# Bedeutung von \r



## conan2 (5. Jun 2005)

In Java-Büchern lese ich, dass die Verwendung von "\r" in Strings ein "Carriage Return" oder einen "Wagenrücklauf" bewirkt. Aber das sagt mir nichts, könnte mir bitte jemand die Bedeutung von "\r" erklären?


----------



## L-ectron-X (5. Jun 2005)

\r gibt eine leere neue Zeile aus.


----------



## Guest (5. Jun 2005)

\r\n ist unter Windows der Zeilenumbruch. Unter Unix wird nur \n benutzt und unter MacOS wird/wurde früher nur \r benutzt. Wenn du unter Unix nur \r benutzt, kannst du an den Zeilenanfang springen und die Zeile überschreiben.


----------



## mr1st (5. Jun 2005)

Anm.: *System.getProperty("line.separator")* liefert Dir den Zeilenumbruch des aktuellen Systems als String zurück.

MfG


----------



## Sky (6. Jun 2005)

conan2 hat gesagt.:
			
		

> In Java-Büchern lese ich, dass die Verwendung von "\r" in Strings ein "Carriage Return" oder einen "Wagenrücklauf" bewirkt. Aber das sagt mir nichts, könnte mir bitte jemand die Bedeutung von "\r" erklären?

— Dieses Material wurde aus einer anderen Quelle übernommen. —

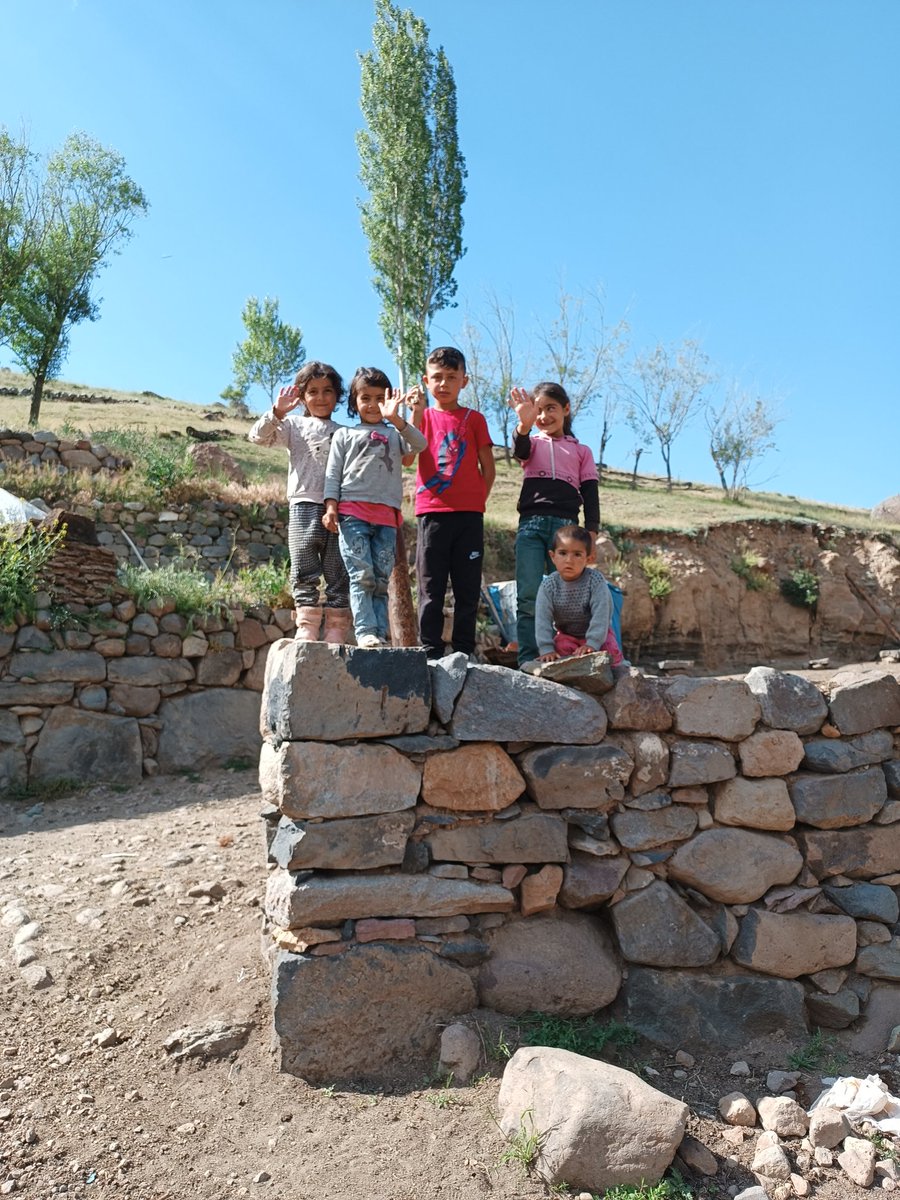 Zarokenme bı dilgermi péşeroja xwe hevidikin,lé ew nizanim bandoreki gıran li ser pışta wane.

Die Begriffe "Carriage Return" bzw. "Wagenrücklauf" kommen noch aus der Zeit, wo die gute alte Schreibmaschine benutzt wurde. Der "Wagen" hat das Papier transportiert (horizontal und vertikal) und wenn Du nun einen "Wagenrücklauf" gemacht hast so standest Du wieder am Anfang der Zeile (wie heute unter UNIX)


----------



## thE_29 (6. Jun 2005)

Auch der Unterschied damals war!

\n = new line (dh, er geht einfach in eine neue Zeile, bleibt aber auf der gleiche Position ..)

\r = carriage return (dh, er geht in eine neue Zeile und auf den Anfang).

Wie schon von sky80 gesagt, kommt das von der Schreibmaschinenzeit und ist noch heute da..


----------



## Guest (6. Jun 2005)

Super, danke für die umfangreichen Antworten!  :idea:  :toll:


----------